→ WHAT NEEDS TO BE DONE
The entries that follow must be written out exactly, without any of the pictures they contain.

→ ENTRIES SUPPLIED
────────

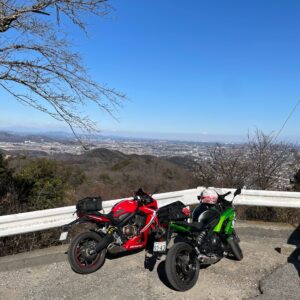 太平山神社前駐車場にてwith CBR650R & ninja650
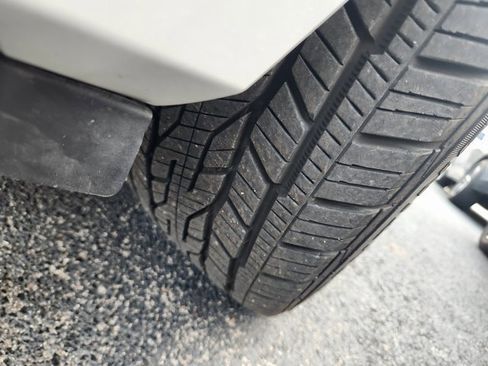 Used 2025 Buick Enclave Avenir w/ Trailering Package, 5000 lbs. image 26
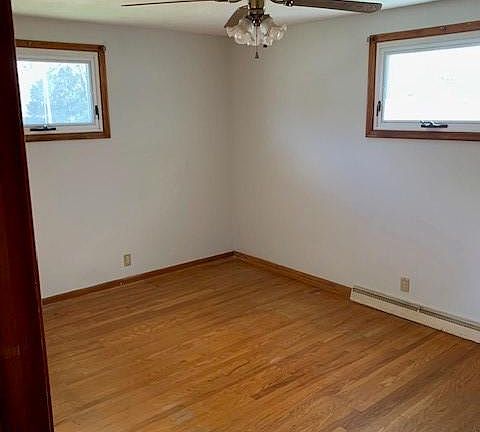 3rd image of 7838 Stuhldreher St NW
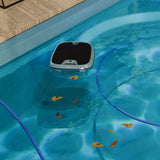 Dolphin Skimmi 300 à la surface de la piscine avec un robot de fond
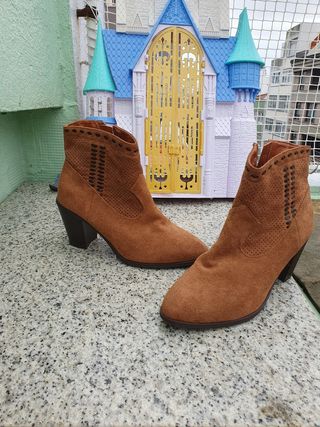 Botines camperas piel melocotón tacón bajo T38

────────

→ FINISHED TASK
 太平山神社前駐車場にてwith CBR650R & ninja650
 Used 2025 Buick Enclave Avenir w/ Trailering Package, 5000 lbs. image 26
 3rd image of 7838 Stuhldreher St NW
 Dolphin Skimmi 300 à la surface de la piscine avec un robot de fond
 Botines camperas piel melocotón tacón bajo T38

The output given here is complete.